Gewiß, das Grundgesetz sieht keine Plebiszite vor, wenn man einmal von dem Sonderfall beim Zusammenschluß von Bundesländern absieht. Doch die Verfassung kann mit Zweidrittelmehrheit geändert werden. Änderungen des Grundgesetzes nach Belieben, zu eigenen Gunsten (Diätenerhöhung) oder zu modischen Zwecken (Beispiel Aufnahme des Tierschutzes als Staatsziel) sind aus Gründen der Rechtssicherheit eigentlich unerwünscht. Was spricht dagegen, dem Volk mehr Rechte einzuräumen, als alle paar Jahr von den Parteien in Hinterzimmern gefertigte und nicht abzuändernde Landeslisten ankreuzen zu lassen?

Schäuble und auch CSU-Chef Edmund Stoiber, die in dieser Frage übereinstimmend einsilbig sind, hätten es einfach. Innenminister Otto Schily (SPD) war unbedacht vorgeprescht und hatte der Opposition bereits Verhandlungen über diese Frage angeboten. Doch beinahe entrüstet wiesen die Unionschristen das Angebot zurück. In den Köpfen der CDU-Präsidiumsmitglieder herrscht der Gedanke vor, die Bundesrepublik müsse eine repräsentative Demokratie bleiben.

Auch Schilys Vorstoß war nicht mit der SPD-Führung abgesprochen. Die etablierten Parteien haben unisono viel zu große Angst, der Souverän könne Geschmack daran finden, direkt zu entscheiden. Das Volk könnte wichtige Themen an sich reißen: Es würde vielleicht über die Kernenergie abstimmen wollen; über die Einführung des Euro hätte es sicher gern abgestimmt. Und gegen oder für den Doppelpaß würden etwa 80 Prozent ins Wahllokal gehen.
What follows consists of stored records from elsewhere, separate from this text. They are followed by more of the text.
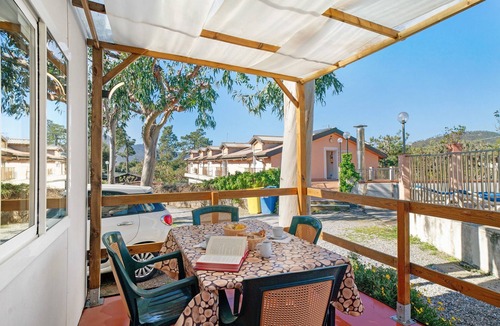 Albenga House | Mobile Home "New Generation La Pineta 7" with Shared Pool, Wi-Fi and Air Conditioning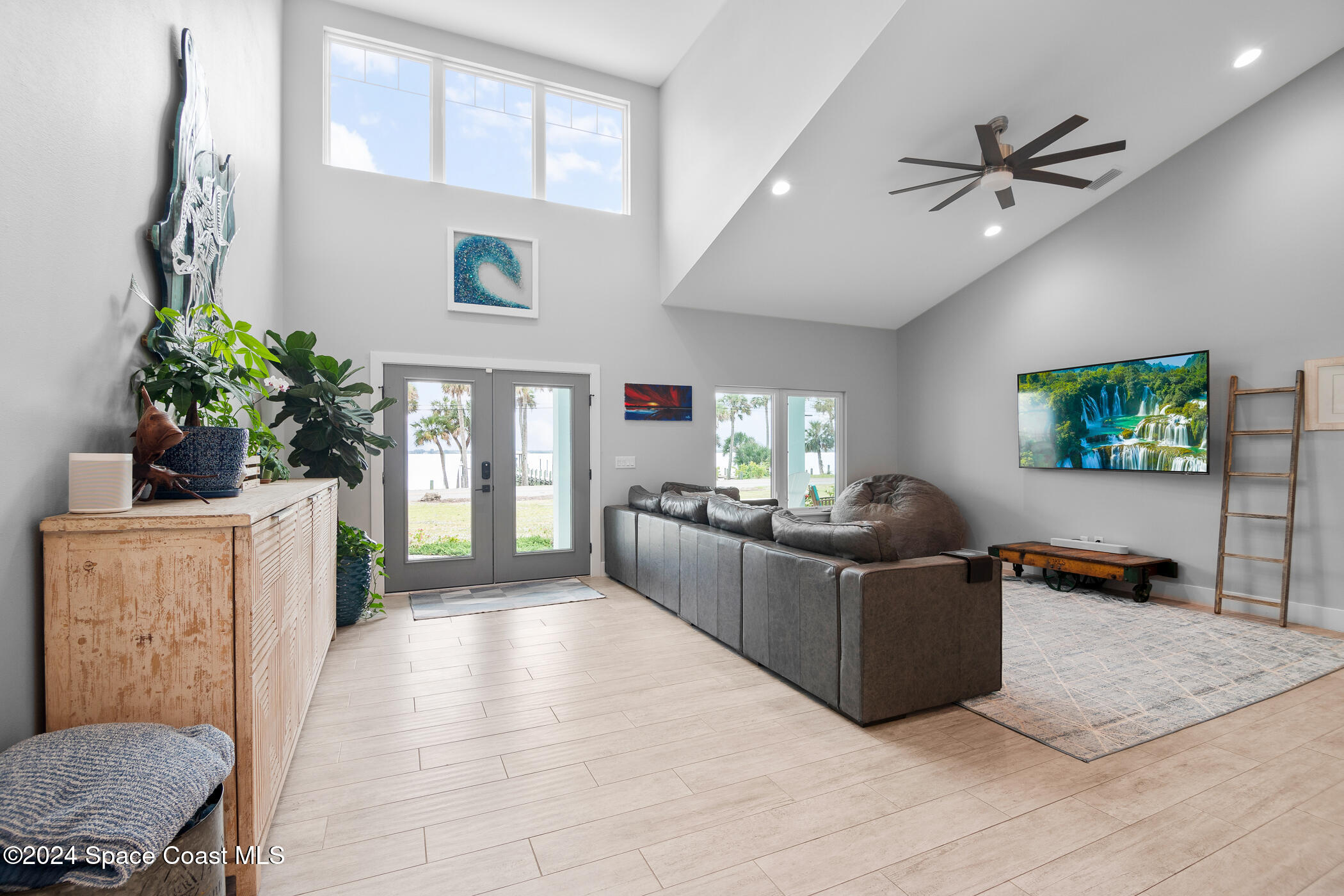 3875 Indian River Drive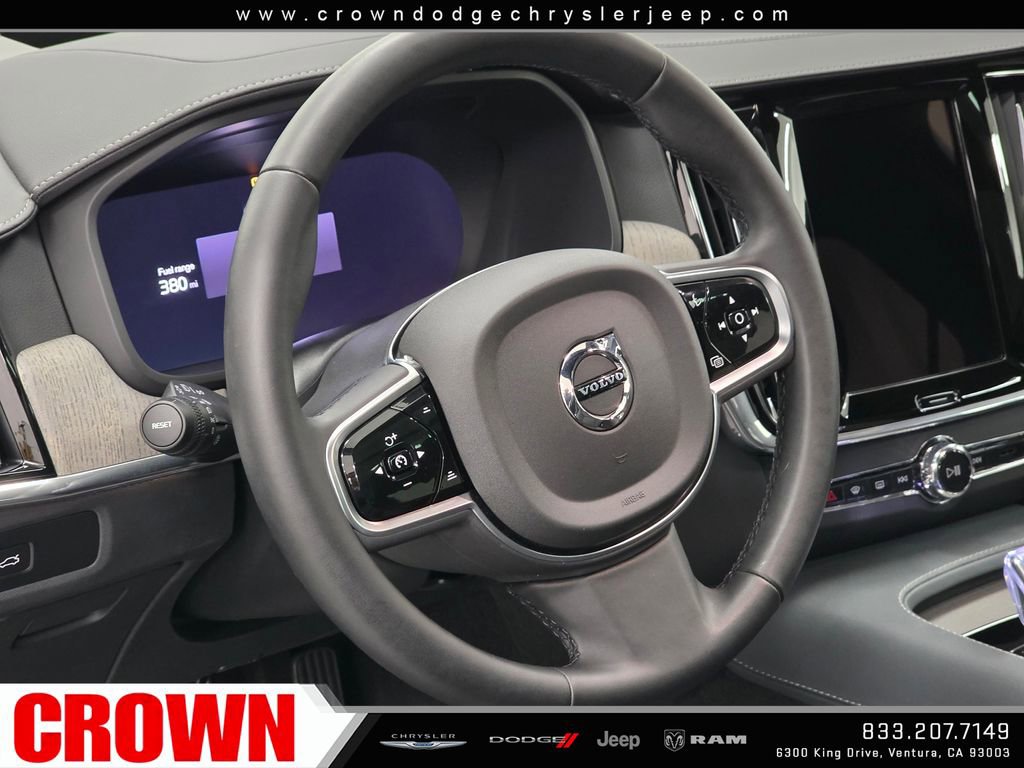 Used 2025 Volvo V90 B6 Cross Country Ultra w/ Protection Package AWD/4WD image 23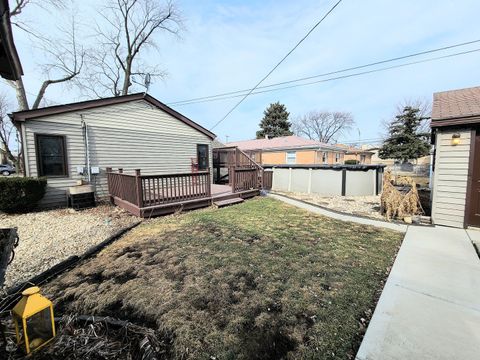 Tiny photo for 7807 Parkside Avenue, Burbank, IL 60459 (MLS # 12642679)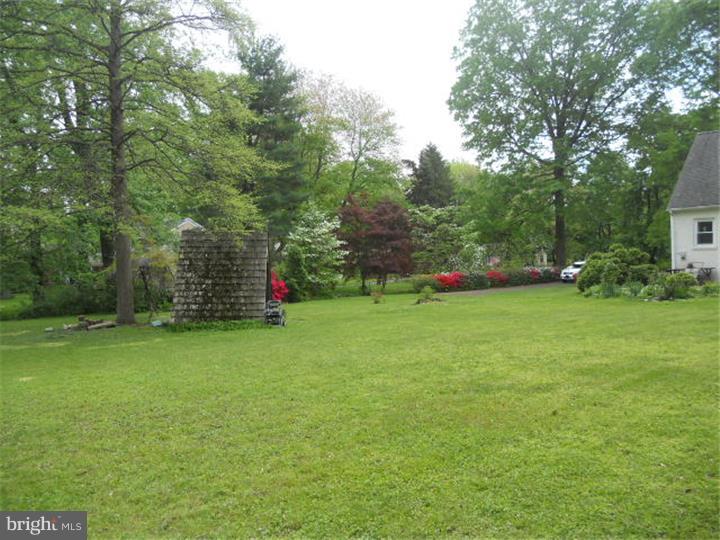 605 Pinney Road Huntingdon Valley, PA 19006 - Photo 24 of 24 Back Yard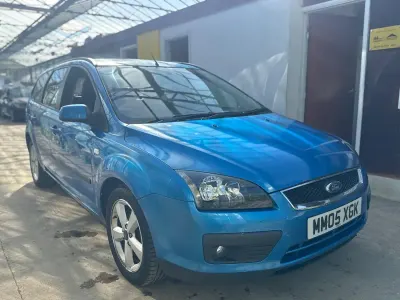 Używany Ford Focus Zetec 100 KM (73 kW) 2005 Niebieski Kombi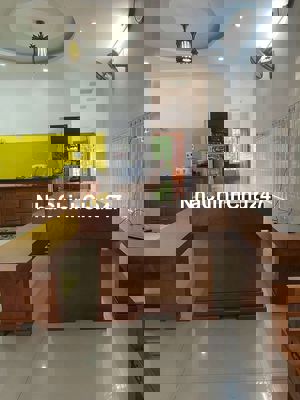 Chính chủ bán nhà 3 Tầng Đường Bùi xương trạch cẩm lệ giá rẽ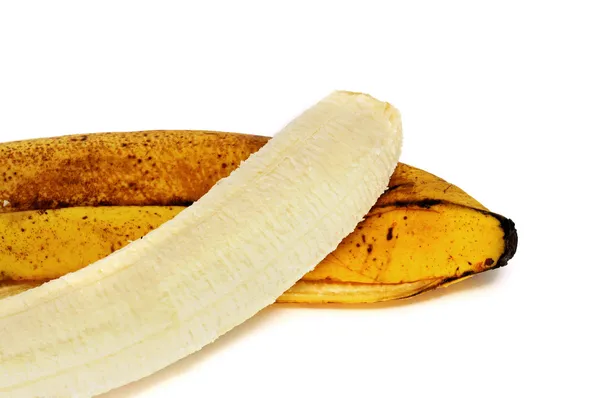 Банан с кожурой — стоковое фото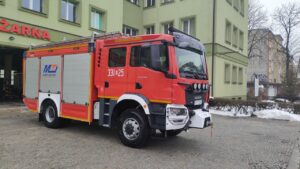 Nowy wóz strażacki w Piotrkowie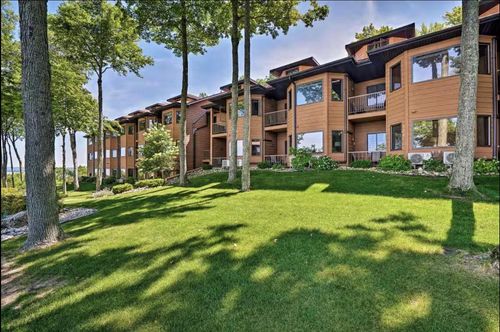 2324-4920 N Landmark Circle, EGG HARBOR, WI, 54209 | Card Image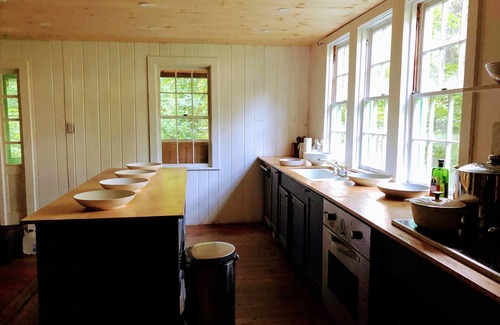 Shandaken House | Mountain Farmhouse (The Lorca, Catskills) - 10 min to Belleayre, 25 min Windham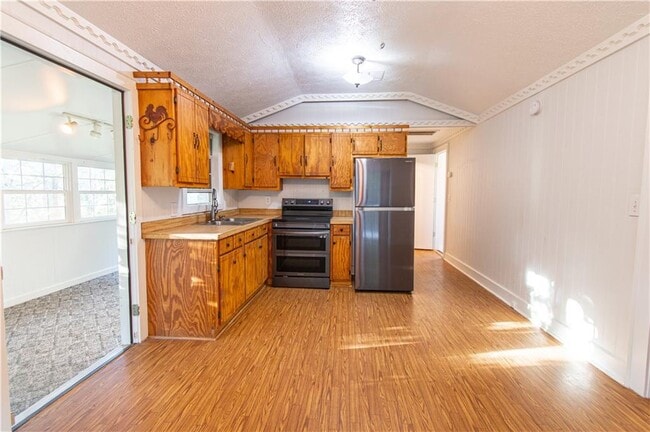 Building Photo - 250 Nottingham Wy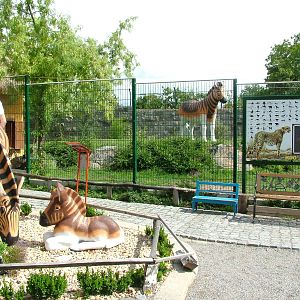 Quagga Sculptures at Chleby, 26/08/12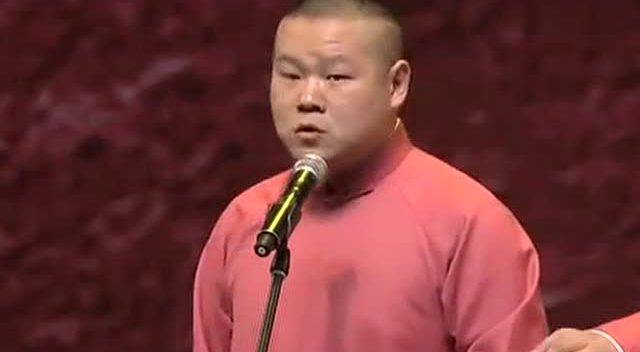 岳云鹏惨遭小沈阳欺负,比唱歌输了被罚吃芥末大蒜!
Aber repräsentative Demokratie heißt für die Etablierten, daß Volkes Wille gefiltert werden muß. Die Menschen, so wird immer argumentiert, seien nicht frei von Stimmungen. Volkes Stimme und Wille läßt man daher lieber von Demoskopen testen (die sich jedoch immer häufiger irren, weil sich der Wähler – gemein, wie er nun einmal ist – nicht mehr an die Umfragen hält).

Das Ergebnis fließt dann in die typischen Bonner Kompromisse ein, die nichts vernünftig regeln und niemanden zufriedenstellen. Schon freut sich Schäuble, daß die Bundesratsmehrheit von SPD, Grünen und kommunistischer PDS fürs erste dahin ist. Jetzt kann der Vermittlungsausschuß von Bundestag und Bundesrat wieder aktiv werden. Unionspolitiker liebäugeln bereits mit der Möglichkeit, beim Doppelpaß ein wenig Einfluß nehmen und "nachbessern" zu können.

Denn das muß man wissen: Kochs Hessen-Wahlkampf im Fahrwasser der Positionen von Alfred Dregger und in enger Anlehnung an die bayerische CSU war für die CDU ein Sonderweg. Die Verhältnisse lassen sich nicht auf Bremen, Schleswig-Holstein oder Berlin übertragen. Um ein Haar hätte die Unionsfraktion einen "kleinen Doppelpaß" beschlossen. Schäuble hat nicht einmal im Parteipräsidium unbedingt eine Mehrheit für diese von der CSU ausgehende Unterschriftenaktion.

Die größte Angst vor Volksabstimmungen haben die Bonner Mandatsträger in eigener Sache: Der Souverän könnte ihre Diäten kürzen und die Politiker in der BfA zwangsversichern, damit sie die Folgen ihrer Rentenpolitik am eigenen Leibe zu spüren bekommen. Verdient hätten sie’s ja.